**WHAT THE EXERCISE ASKS**
Apart from the pictures, return every line of the listing exactly.

**DATA UNDER STUDY**
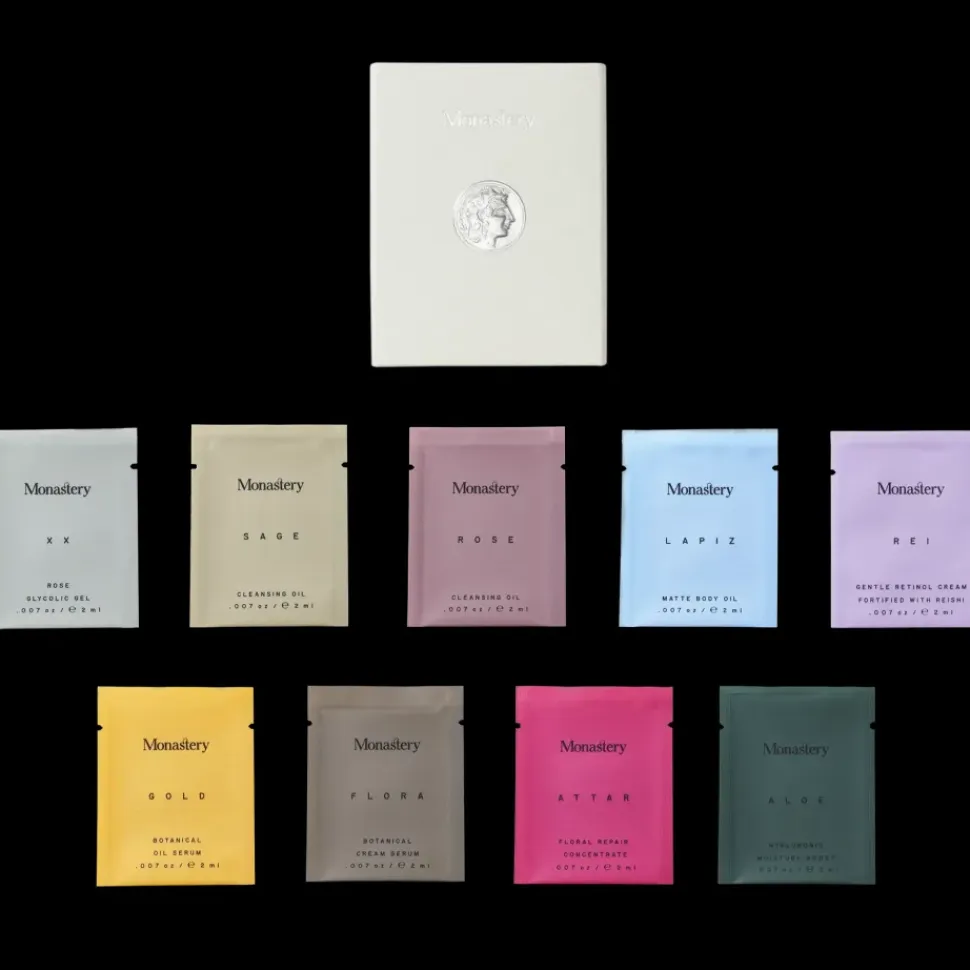 Monastery Made | The Discovery Kit - Probenset
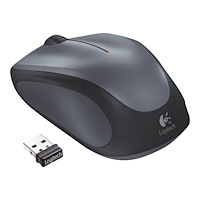Logitech Logitech M235 - 2:a generationen - mus - 2.4 GHz - grå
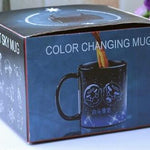 Kitchen - Lightningstore Customizable Glow In The Dark Photo Mug - Your Photo Appears In Hot Water - 16 Template Designs To Choose From - Perfect Gift For Loved Ones (D7)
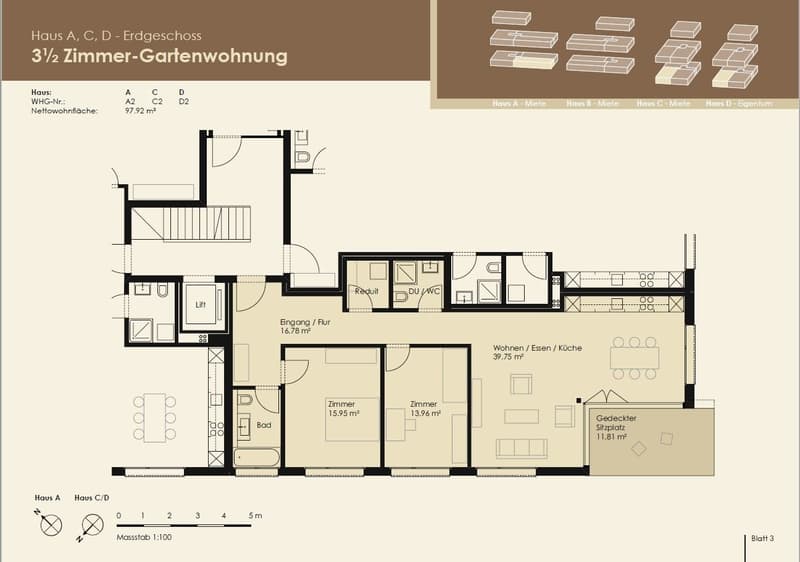 Grundrissplan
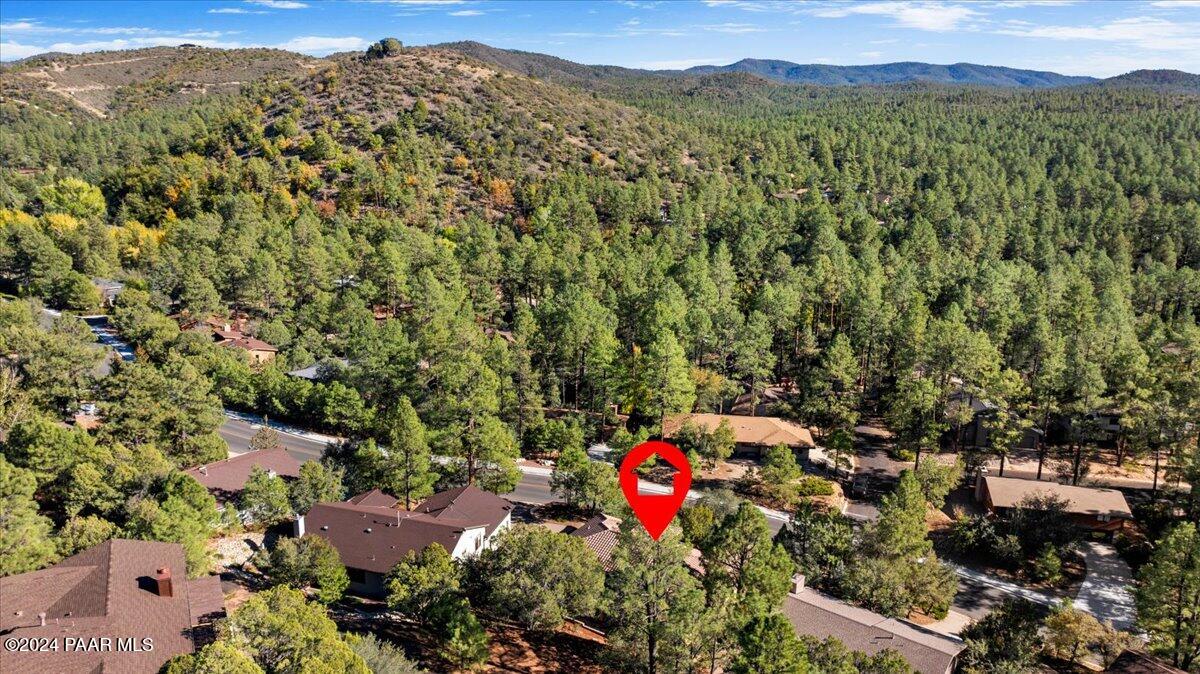 1260 Haisley Road Prescott, AZ 86303 - Photo 31 of 34 Aerial - 1260 Haisley Rd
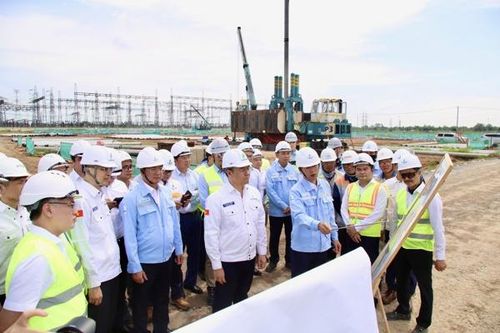 Đẩy nhanh tiến độ dự án điện Ô Môn III, IV phát huy hiệu quả chuỗi khí - điện Lô B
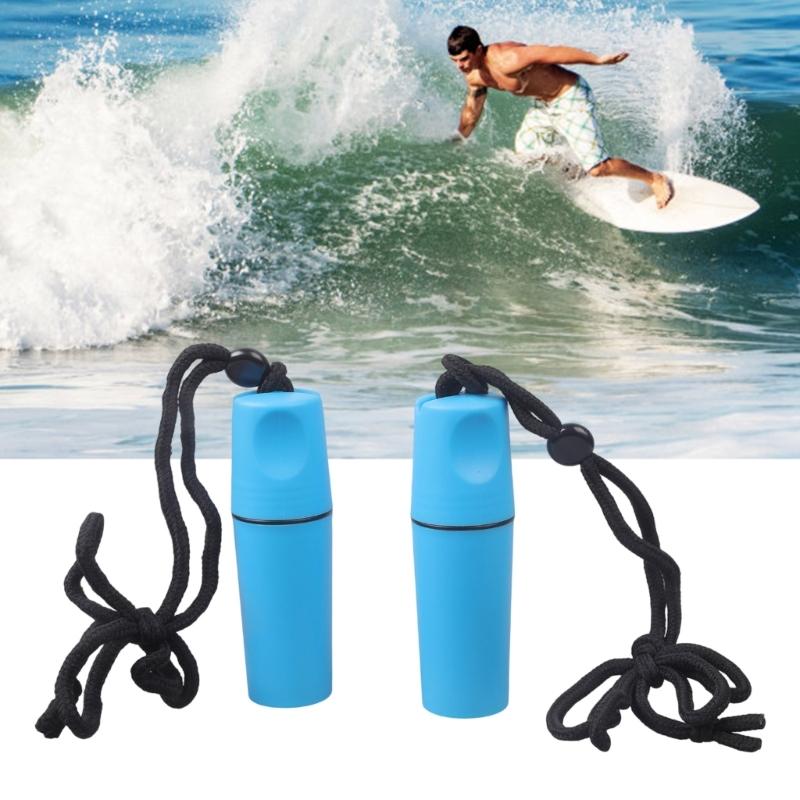 2 Leakproof Floating Canisters for Water Sports Equipment Portable Phone Holder for Pool Beach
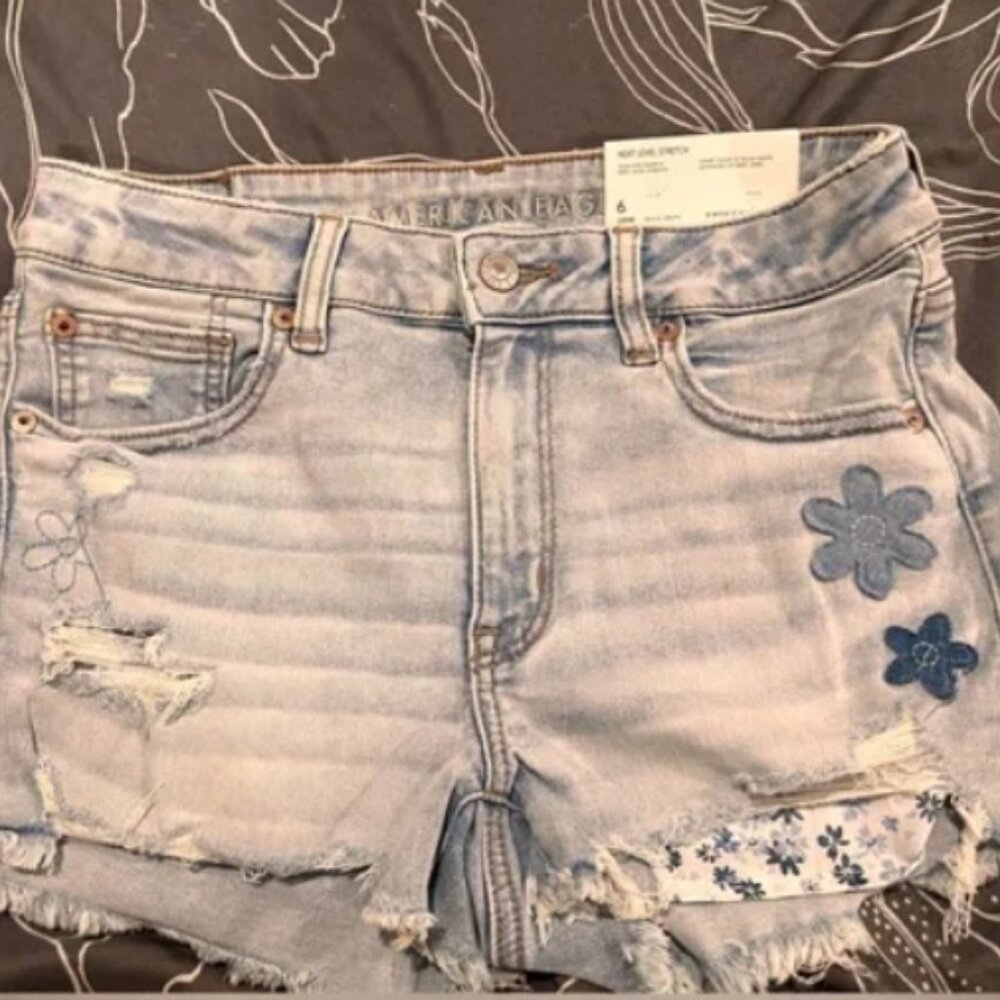 NWT American Eagle Denim Shorts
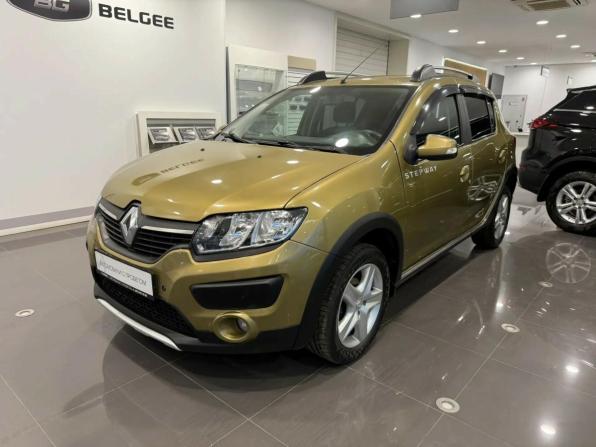 Renault Sandero II с пробегом 2015 года, цена 740 000 рублей, 245000 км, хэтчбек, Автокод Объявления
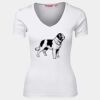 JB's  LADIES V NECK TEE Thumbnail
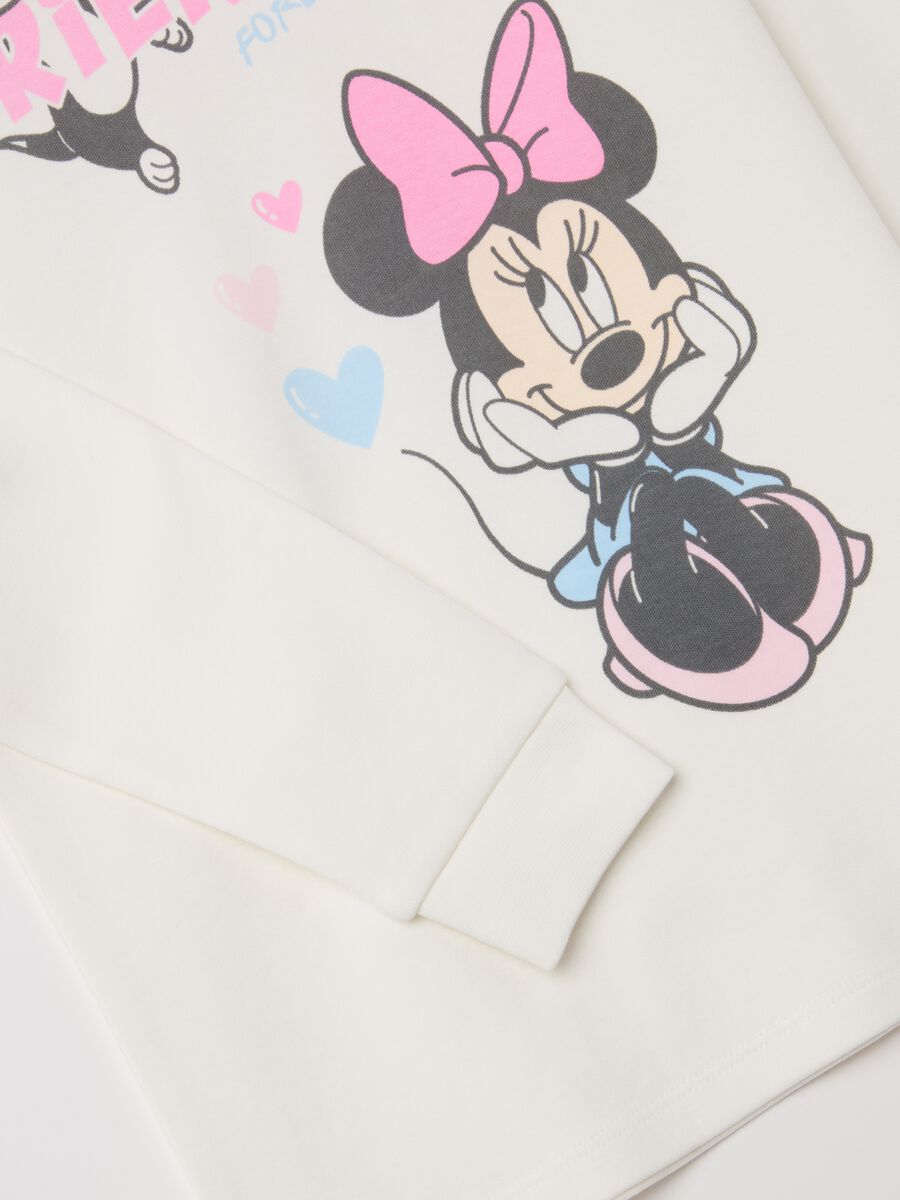 Cotton pyjamas with Minnie Mouse and Figaro print_2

**SOLVED EXERCISE**
 Monastery Made | The Discovery Kit - Probenset
Logitech Logitech M235 - 2:a generationen - mus - 2.4 GHz - grå
 Kitchen - Lightningstore Customizable Glow In The Dark Photo Mug - Your Photo Appears In Hot Water - 16 Template Designs To Choose From - Perfect Gift For Loved Ones (D7)
 Grundrissplan
 1260 Haisley Road Prescott, AZ 86303 - Photo 31 of 34 Aerial - 1260 Haisley Rd
 Đẩy nhanh tiến độ dự án điện Ô Môn III, IV phát huy hiệu quả chuỗi khí - điện Lô B
 2 Leakproof Floating Canisters for Water Sports Equipment Portable Phone Holder for Pool Beach
 NWT American Eagle Denim Shorts
 Renault Sandero II с пробегом 2015 года, цена 740 000 рублей, 245000 км, хэтчбек, Автокод Объявления
 JB's  LADIES V NECK TEE Thumbnail
 Cotton pyjamas with Minnie Mouse and Figaro print_2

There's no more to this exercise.